Hey, everyone. Color will be up later today. I'll probably add some relevant notes on the historical background here, too, since I know a lot of readers are from the US, and we tend to gloss over pre-WWII Asia in history classes. :'D Good night~!
EDIT: Brief history lesson! So, while tensions were mounting in Germany after WWI, China was torn between the Nationalist party, its government then, and the Communist party, which would eventually take over. (The Nationalist Party would eventually become the government in Taiwan.)
At the time, Japan was industrializing and wanted to be an empire like the western countries that were in power at the time, such as Britain and France, which were two of the few nations who kept sizable colonies after WWI. To be an empire, you need resources and colonies. What was the nearest resource-rich continent nearby? China!
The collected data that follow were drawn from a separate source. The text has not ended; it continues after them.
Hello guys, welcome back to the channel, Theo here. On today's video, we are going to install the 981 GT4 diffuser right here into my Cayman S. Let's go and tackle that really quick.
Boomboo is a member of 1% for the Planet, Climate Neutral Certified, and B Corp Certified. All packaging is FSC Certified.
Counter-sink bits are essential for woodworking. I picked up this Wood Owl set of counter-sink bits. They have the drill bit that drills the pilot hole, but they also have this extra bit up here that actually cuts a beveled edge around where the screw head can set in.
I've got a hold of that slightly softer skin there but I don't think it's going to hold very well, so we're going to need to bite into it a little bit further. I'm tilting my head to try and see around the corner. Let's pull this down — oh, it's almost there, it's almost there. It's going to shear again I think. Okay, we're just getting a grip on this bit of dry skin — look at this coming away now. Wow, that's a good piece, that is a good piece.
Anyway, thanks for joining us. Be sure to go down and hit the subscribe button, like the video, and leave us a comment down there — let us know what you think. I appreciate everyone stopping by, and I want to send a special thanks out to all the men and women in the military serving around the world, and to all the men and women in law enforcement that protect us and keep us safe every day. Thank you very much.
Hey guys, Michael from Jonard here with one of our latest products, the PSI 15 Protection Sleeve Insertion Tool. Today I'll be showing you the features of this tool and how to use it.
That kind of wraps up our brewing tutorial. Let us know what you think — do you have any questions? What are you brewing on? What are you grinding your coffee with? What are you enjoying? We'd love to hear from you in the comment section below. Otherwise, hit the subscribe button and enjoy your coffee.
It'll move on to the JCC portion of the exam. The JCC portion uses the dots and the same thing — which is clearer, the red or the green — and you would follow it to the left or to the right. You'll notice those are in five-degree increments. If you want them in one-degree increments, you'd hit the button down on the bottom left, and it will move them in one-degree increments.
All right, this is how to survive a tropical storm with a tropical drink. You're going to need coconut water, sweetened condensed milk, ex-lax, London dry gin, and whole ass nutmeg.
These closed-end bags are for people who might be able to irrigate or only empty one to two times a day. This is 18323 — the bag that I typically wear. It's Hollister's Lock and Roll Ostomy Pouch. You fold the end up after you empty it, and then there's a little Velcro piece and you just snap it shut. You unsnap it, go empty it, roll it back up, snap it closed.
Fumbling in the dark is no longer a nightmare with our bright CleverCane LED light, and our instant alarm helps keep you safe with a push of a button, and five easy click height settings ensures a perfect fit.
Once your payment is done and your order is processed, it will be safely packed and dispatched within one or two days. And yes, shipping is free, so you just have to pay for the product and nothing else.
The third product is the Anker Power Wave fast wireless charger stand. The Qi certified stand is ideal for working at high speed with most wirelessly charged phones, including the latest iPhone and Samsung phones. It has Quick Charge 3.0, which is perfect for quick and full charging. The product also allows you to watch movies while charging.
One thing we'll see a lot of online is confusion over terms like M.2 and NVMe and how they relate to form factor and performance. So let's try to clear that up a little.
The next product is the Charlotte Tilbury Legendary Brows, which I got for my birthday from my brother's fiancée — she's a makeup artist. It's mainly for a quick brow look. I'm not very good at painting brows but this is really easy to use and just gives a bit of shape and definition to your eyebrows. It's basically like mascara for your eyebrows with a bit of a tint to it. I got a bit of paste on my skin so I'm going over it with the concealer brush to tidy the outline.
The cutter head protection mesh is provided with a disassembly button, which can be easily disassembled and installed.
We'll get to the 1st Sino-Japanese War later in this chapter.
Now, the 2nd Sino-Japanese War doesn't blow up until 1937, and it literally continues into WWII, which is why China and Japan were on opposites of the war. Prior to 1937, there were little skirmishes here and there that led to Japan slowly taking more territory in northeastern China. The first major incident, mentioned on this page, happened in the area currently know as Dongbei. It's called the Mukden Incident, and it happened a month prior to where the story is in the Helen at the moment. The Japanese government used this incident as an excuse to invade Dongbei, which was known as "Manchuria" at the time, and under Japanese rule, it became "Manchukuo."
And that is where we are in the story in SfR and where this chapter lies in world history. If that's cool with you, no need to read further because the rest of this post is kind of stuff I think about from time to time that isn't necessarily related.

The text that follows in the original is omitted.